Today I found a journal I kept during my last year and a half of college. It describes the most painful breakup I ever had, my subsequent crush on a guy who is now my pastor (I swear it's not weird now), and finally the Happy Ending in which I meet the love of my life--and he was available, not to mention interested in me! But before I met Justin, I was kind of a mess.
When I wasn't moping about my chaotic love life, I was trying to figure out what I wanted to do for a career. I may have mentioned that I was a little
compulsive overconscientious about studying in college? I was a TOTAL nerd who actually made outlines from the lecture notes AND the textbook. I was very good at school. And school was about to be over, and I would have to get a real job, and who would hire me? What type of job should I even apply for? Memorizing lecture notes and filling out scan-trons are not job skills!
panicpanicpanicpanic
My professors encouraged me to go to grad school. I was planning to apply, but then I panicked some more about leaving home (I stayed in my home town for college) and I wasn't sure I would be good enough in the Big Leagues. I was writing an application paper that could have been a master's thesis instead of just picking a paper I'd gotten an A on and sending it in. Pretty soon I'd freaked myself out so badly that I stopped sleeping for days. It only ended when I called my dad at three a.m. and said tearfully, "Dad? I don't want to go to grad school."
My half-asleep dad, who had never said I had to go to grad school, said, "Okay." I don't know if I slept that night, but I felt better. Until I realized I had to get a job.
But then I taught high school in a private school, met Justin and got married, and the rest is history.

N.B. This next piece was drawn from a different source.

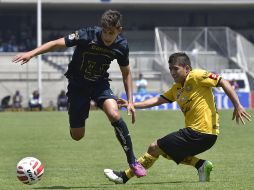 Van Rankin (izq) fue el autor del primer gol del partido en la victoria de Pumas sobre Leones Negros. AFP / O.Torres
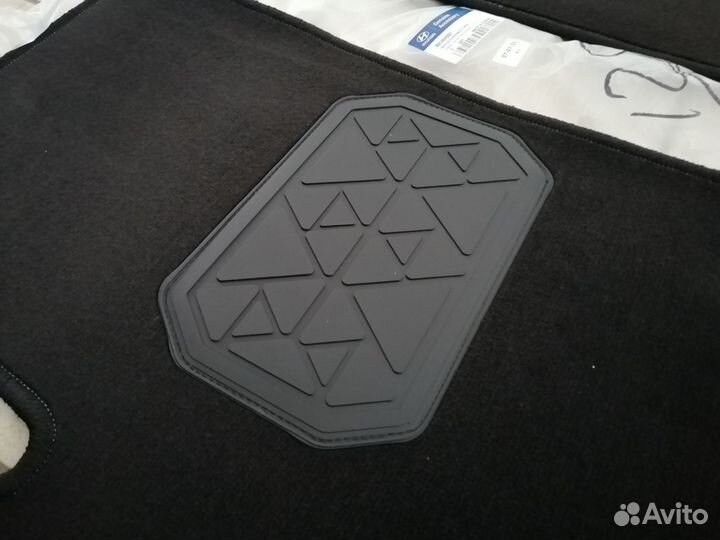 Ковры салона Солярис 2017 текстильные Новые. Ориги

But it might not have happened the way it did. Reading that journal today, when I got to the parts about what I was studying and writing, the thought popped into my head, "I should have been a professor." I've known for a long time that my brain is suited for academia. That doesn't mean that's all my brain can do, of course--just that it's one option I could have taken, and didn't. I did eventually go to grad school for a year and a half before I had Miss Pink. I'm glad I went, because at least I know exactly what I didn't choose, and I almost never regret it. It takes a long time to get a Ph.D. and then I'd have to publish or perish (figuratively--it means that you have to publish articles and books in your field if you want job security), and by then I would've had kids anyway. And lots of good things have happened to me because I didn't stay in that world--starting with Miss Pink and Mr. Blue.

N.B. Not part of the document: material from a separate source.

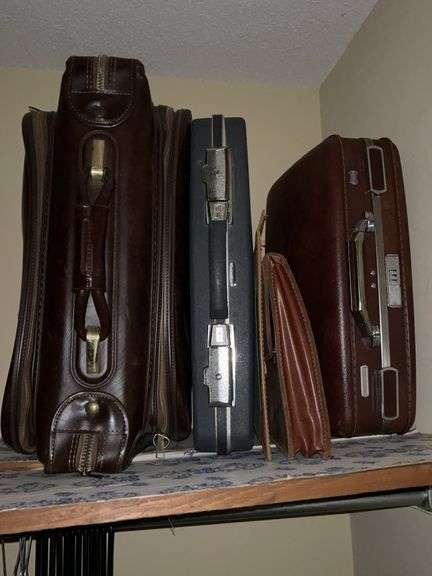 Various size luggage and briefcase image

But I wish I was certain of my goal in life. Besides raising my children to be awesome people, of course.
And I think that is part of the problem. Every so often, I want to be something other--something supposedly
more than--a stay-at-home mom. Deep down, for some reason, I believe that being a wife and mother is not enough as a life goal. At the same time, I don't want to go back to teaching school full-time unless I have to! It must be a case of "the grass is always greener." Maybe I'm dissatisfied with being a SAHM or a teacher because I've already done those things and I crave more recognition. So that makes me wish I could be a scholar or a novelist. Neither of those paths is
closed to me, but they're not exactly things I can start doing tomorrow. And I suspect that if I was able to step into that life, I would find that it isn't all that, either.
I have some thoughts about what I can do to overcome my discontent, but I'll save them for another post.